The Washington Post followed some of these so-called "crack babies" and, among notable findings, "(I)n the two decades that have passed since crack dominated drug markets in the District and around the nation, these babies have grown into young adults who can tell their stories -- and for the most part, they are tales of success."

In the 1980s and 90s, the media warned that these children would grow into "superpredators." Presumably, then, we now should be seeing marked increases in crime rates across the country and particularly here in DC, which is among a list of cities with the highest rates of infant abandonment in the late 80s and 90s. But, The Post reported, "The national violent crime rate in 2008, the last year for which data are available, hit its lowest level since 1972, when the Bureau of Justice Statistics began its annual survey. According to FBI data for the District, from 1990 to 2008, murders dropped from 472 to 186, rapes from 303 to 186, and robberies from 7,365 to 4,154."
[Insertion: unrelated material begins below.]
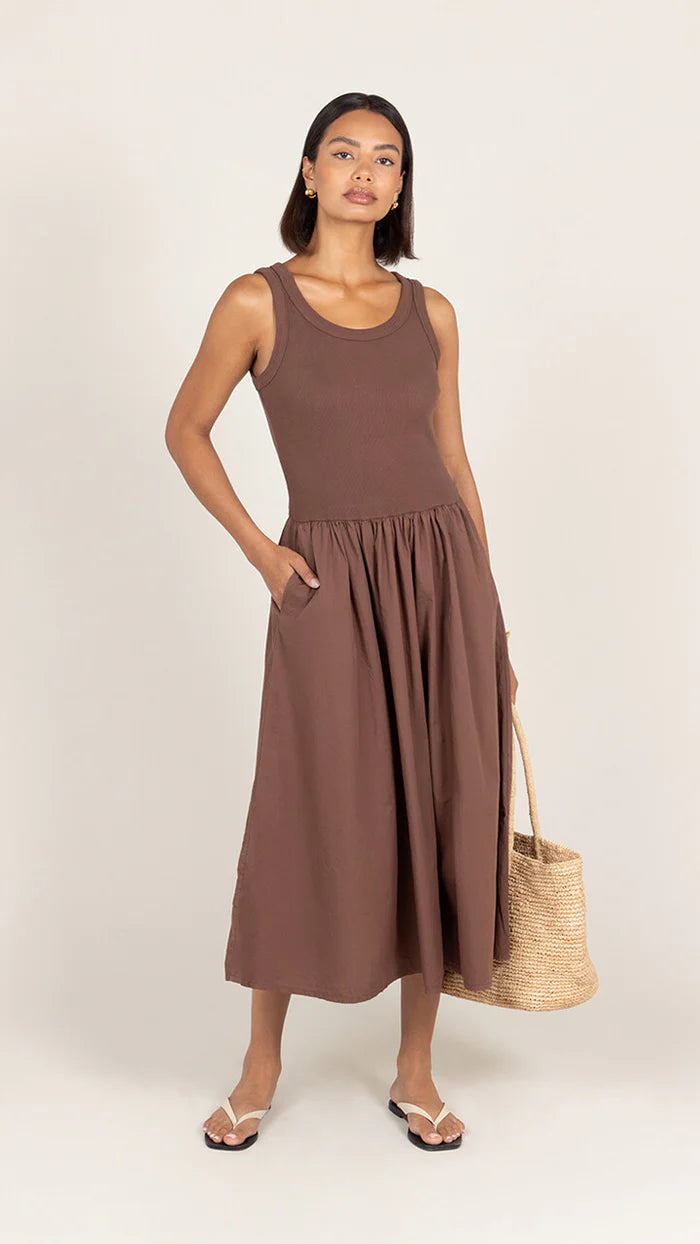 the MARNIE dress, cocoa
What explains these figures? What has enabled many of these supposedly doomed children to avoid the grim futures that supposedly awaited them? One significant answer comes from a legislative milestone: the Adoption Assistance and Child Welfare Act of 1980, legislation that helped lower-income families to adopt children out of the foster care system and to address the special and ongoing needs those children frequently carried. We have learned through decades of experience that when children in the foster care system are adopted into safe and loving homes, their outcomes improve markedly. And society at large shares those benefits.

In the decades since passage of the Adoption Assistance and Child Welfare Act, the foster care and child welfare systems have confronted adult epidemics, including HIV/AIDS and substance abuse, that affect the long- and short-term well-being of children. These efforts have succeeded in increasing the number of children adopted out of foster care. Nonetheless, an alarming number of young adults continue to ''age out'' of the foster care system (nearly 30,000 in 2008) without finding a permanent family and the love, security, and stability that comes with it. These numbers, and the profound needs they represent, compel us to redouble our efforts to reduce barriers to adoption. The Adoption and Safe Families Act of 1997 and the Fostering Connections to Success and Increasing Adoptions Act of 2008 both committed new resources to kinship care, adoption, and assistance for older youth in foster care.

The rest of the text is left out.